Today was an odd day or was it typical? I sometimes get overwhelmed with life here in D.C. By that, what do I mean? Well, for instance, I went out to grab a bite of lunch and decided to try a new place down the street called Pot Bellies. They make a really tasty sandwich and very yummy shakes and smoothies. However, getting the sandwich can be a rather trying experience. For starters, you stand in a wrap around line or queue. As you near station one, a guy yells out at you something like, "Maam, what can I get you?". They he yells at the next 5 people behind you. Lucky me, I'm a quick learner. Once I yelled my order back and got up front, I realized that if I wanted a smoothie that this was my opportunity to make that known. So the guy shouts my order down to the end of the food servers' line. Miraculously, after I pass through the sandwich making stations I get to the end of the line where I pay for my tuna on whole wheat and mention I ordered a smoothie. The clerk turns and comes back with my boysenberry smoothie. I give her my card and the transaction is complete. I've got my goods and I think I've got my sanity.
Do we really need to yell at each other? Is it really necessary to process as many people as possible as quickly as possible through the line? I guess that's business. But, it almost seems mechanical. Granted it was rather efficient, but it was loud and boisterous and I felt like cattle being herded by some cowboy, only without the hat and lasso. And, all this, despite the fact a live folk artist played her guitar in the background. I'm sure the restaurant is aware of the managed chaos that ensues every day and this live music is a way to calm the stressed out souls waiting in line. Because, after all, we only have a 45-minute lunch break. Well, here's just a thought for all you would-be restauranteers ... there is a dearth of food places in Southwest DC so open up a few more good ones! The photo is not DC, by the way, but New York City, the view from on top the German House, looking out over the East river and Queens.
Today was off for other reasons. Instead of stories of yet another suicide bomber in Iraq, Morroco, Algeria, or Afghanistan, today's tragic news that filled the airwaves in the States was that over 30 people (mainly young students) perished at Virginia Tech University at the hand of a young assassin. I immediately thought of my hair stylist Kim's daughter who is a freshman there. I hope and pray her young daughter is safe. What a horrible, horrible tragedy for the university, community, and country as a whole. Violence seems to be the top story no matter where you turn these days... world news, national news, local news. It's constantly in our faces. I expect tomorrow that I will wake up to NPR and hear about -- yes, you guessed it --yet more violence.

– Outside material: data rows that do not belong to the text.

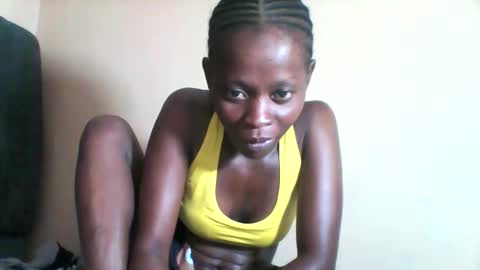 Snapshot of sweetalianah chatting on 11-20-25, 08:41 LIANAH online show from 11-20-25, 08:41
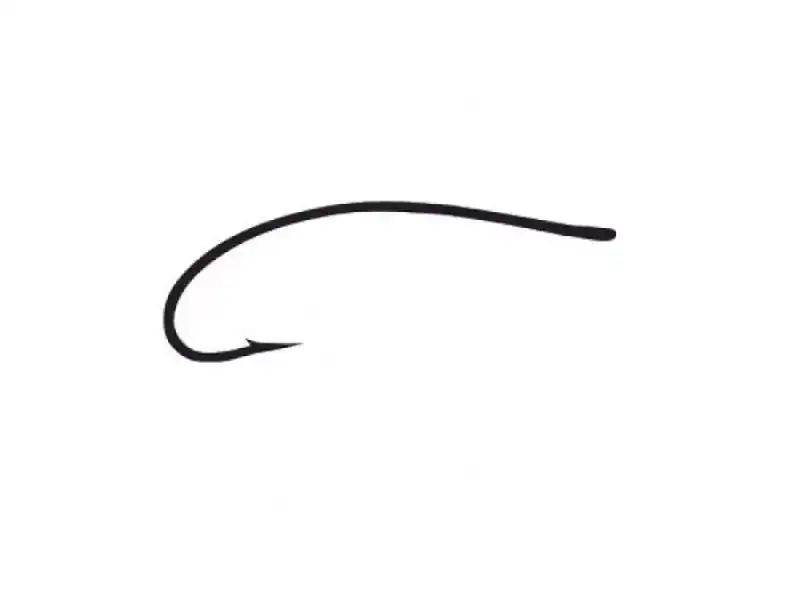 TMC 200R - Größe: 12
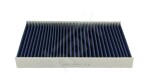 HART Filter,  salongiõhk 929 478
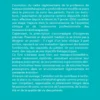 Ordonnances en kinésithérapie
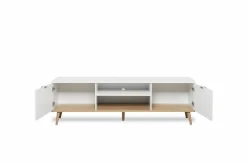 Finori Lowboard GÖTEBORG 55* Tv-Schränke|Lowboards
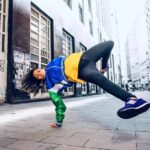 FR_fabgirl- crédito Ernna Cost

Last week I watched the movie "Blood Diamond" about the civil war in Sierra Leone, child soldiers, and conflict diamonds (literally blood diamonds). I was particularly struck by a profound couple of sentences the diamond smuggler Danny Archer speaks to the American journalist Maddie Bowen. Archer, in a moment of deep reflection on the continent of his birth and his life experiences, remarks "Sometimes I wonder if God will forgive us for the things we do to each other. But, then I think, God left this place a long time ago." Archer is referring to the violent conflict and mess that seems endemic to much of Africa, in this case the Sierra Leone civil war in 1999. I happened to discuss this with my friend Heather who pointed me to Corrie ten Boom's "The Hiding Place", the true story of about the ten Boom family and their efforts to safeguard and provide shelter to Jews in Nazi-occupied Holland. Heather reminded me of the words Betsie ten Boom spoke to her sister Corrie as they lay in lice-infested barracks in the concentration camp Ravensbruck: “There is no pit so deep that God is not deeper still.”
1 comment:
You know you have a good post when you can mix boysenberries and blood diamonds and still have room for a moving quote at the end. I think this means you are now fully recovered from your last rotation.